There are currently over 30 marine reserves in New Zealand’s territorial sea. A list of current and proposed marine reserves, and information about them, can be found at the Department of Conservation’s website. 2476

It is widely accepted that the Marine Reserves Act is outdated and needs reform. The fomer Minister of Conservation signalled an intention to develop new and broader marine protected area legislation.

Marine Mammals Protection Act 1978

Marine mammals are managed by the Department of Conservation under the Marine Mammals Protection Act 1978. A permit is required to “take” (the definition includes to harm, harass, injure and attract) a marine mammal in captivity or to remove one from its natural habitat. Any fishing operation using a purse seine net is required to incorporate an escape panel or aperture in the net which allows any dolphin or porpoise to readily escape. 2477  When a marine mammal is accidentally injured or killed, the legislation provides a defence against prosecution, so long as the incident is reported to the relevant authority.

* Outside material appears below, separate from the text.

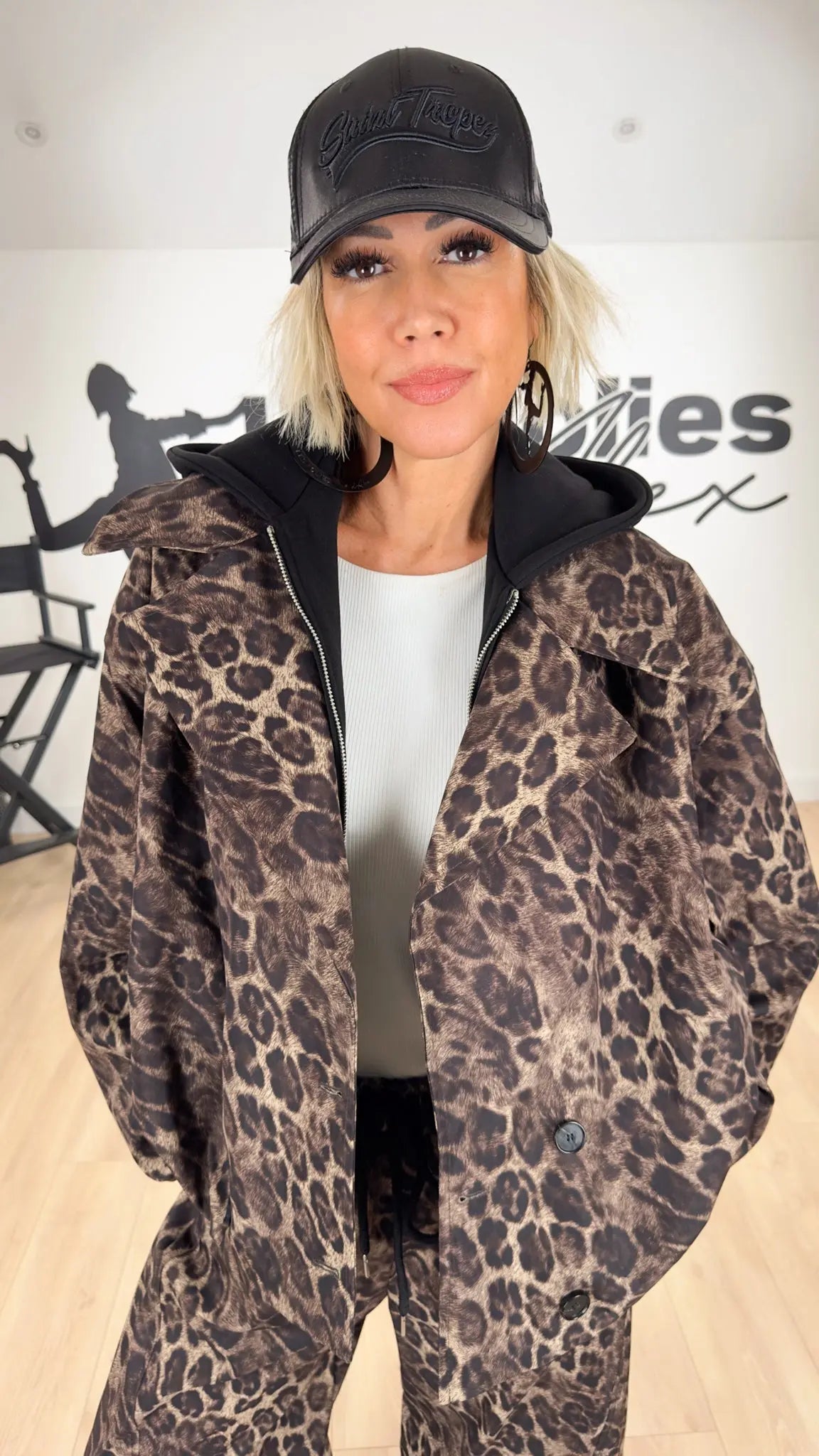 Image of vêtements_femme_mode_prêt-à-porter_boutique_tendance_mode_fashion_nouvelle_collection_nouveautés_look_tenue_style_chic_casual_élégante_fashion_qualité_tshirt_robe_short_blouson_veste_panatalon_top_blouse_pull_pois_jupe_salopette_denim_patch_hussard_officier_napoleon_mandarin_quedepie_jean_jeans_jogging_sport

The legislation makes provision for the preparation of population management plans for marine mammal species. Where a species is threatened, such plans can determine the maximum allowable level of fishing-related mortality for the species that would “allow the species to achieve non-threatened status as soon as reasonably practicable, and in any event within a period not exceeding 20 years”. Such plans require the approval of the Minister of Conservation and the concurrence of the Minister for Primary Industries before they take effect. The Minister for Primary Industries considers the impact of the plan on commercial fishing. No population management plans have been approved since these provisions were inserted into the legislation in 1996. In their absence, provisions in the Fisheries Act have been used to manage the effect of fishing on protected species (discussed previously),

Marine mammal sanctuaries can be established by the Minister of Conservation under the Act for the purpose of protecting, conserving and managing marine mammals and these are managed by the Department of Conservation. There are currently six marine mammal sanctuaries: Auckland Islands, Banks Peninsula, Catlins Coast, Clifford and Cloudy Bay, Te Waewae Bay, and West Coast North Island. 2478  The New Zealand Gazette notice for a marine mammal sanctuary specifies the restrictions that apply to activities within the sanctuary. For example, the West Coast North Island marine mammal sanctuary puts in place restrictions on seabed mining activities and acoustic seismic surveying.

Wildlife Act 1953

The Wildlife Act 1953 identifies protected species and it is an offence to hunt or kill such species. 2479  However, protected species may be captured, injured or killed inadvertently or as part of any fishing operation and the legislation provides a defence against prosecution when this happens, so long as the incident is reported to the relevant authority.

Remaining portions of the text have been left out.